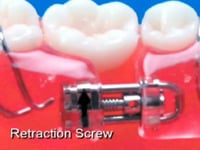Pre-Opened Retraction Screw Description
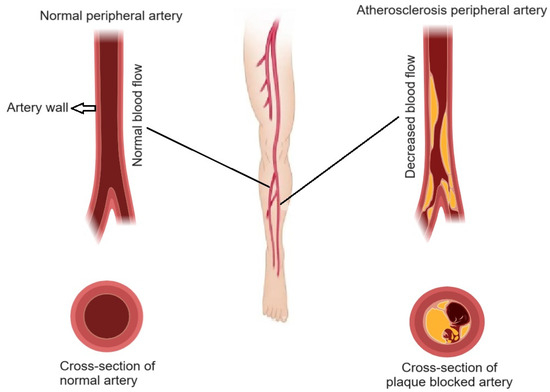 zzz A Comprehensive Review of Cardiovascular Disease Management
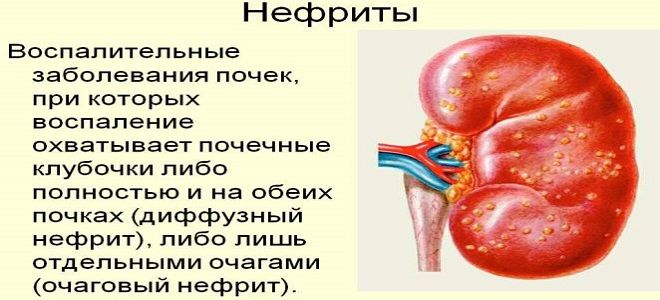 фото4 канефрон при воспалении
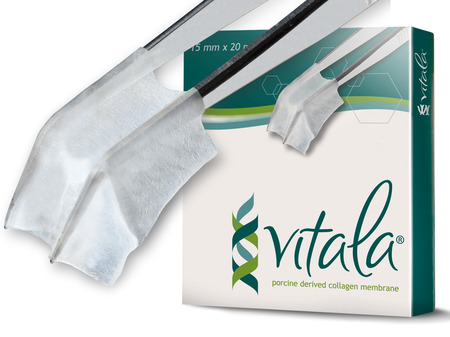 Vitala® 20 mm x 30 mm extra tenká Porcine Pericardium Collagen Membrane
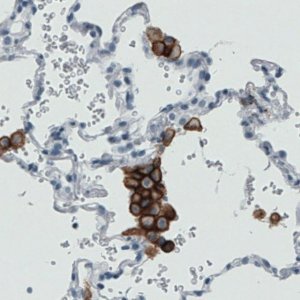 Monoclonal Anti-MRC1 antibody produced in mouse 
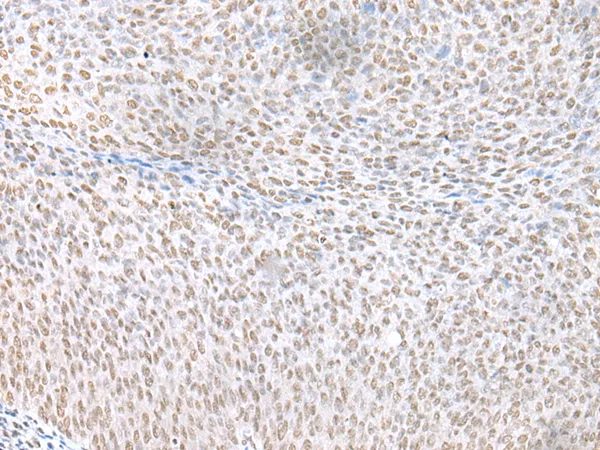 ECT2 Rabbit Polyclonal Antibody - image 1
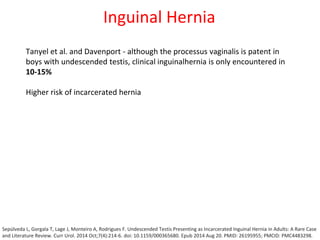 Inguinal Hernia
Tanyel et al. and Davenport - although the processus vaginalis is patent in
boys with undescended testis, clinical inguinalhernia is only encountered in
10-15%
Higher risk of incarcerated hernia
Sepúlveda L, Gorgala T, Lage J, Monteiro A, Rodrigues F. Undescended Testis Presenting as Incarcerated Inguinal Hernia in Adults: A Rare Case
and Literature Review. Curr Urol. 2014 Oct;7(4):214-6. doi: 10.1159/000365680. Epub 2014 Aug 20. PMID: 26195955; PMCID: PMC4483298.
# # # # # # #
Required action = If the records include pictures, omit them and transcribe everything else exactly.

Answer space =
Pre-Opened Retraction Screw Description
 zzz A Comprehensive Review of Cardiovascular Disease Management
 фото4 канефрон при воспалении
 Vitala® 20 mm x 30 mm extra tenká Porcine Pericardium Collagen Membrane
 Monoclonal Anti-MRC1 antibody produced in mouse 
 ECT2 Rabbit Polyclonal Antibody - image 1
 Inguinal Hernia
Tanyel et al. and Davenport - although the processus vaginalis is patent in
boys with undescended testis, clinical inguinalhernia is only encountered in
10-15%
Higher risk of incarcerated hernia
Sepúlveda L, Gorgala T, Lage J, Monteiro A, Rodrigues F. Undescended Testis Presenting as Incarcerated Inguinal Hernia in Adults: A Rare Case
and Literature Review. Curr Urol. 2014 Oct;7(4):214-6. doi: 10.1159/000365680. Epub 2014 Aug 20. PMID: 26195955; PMCID: PMC4483298.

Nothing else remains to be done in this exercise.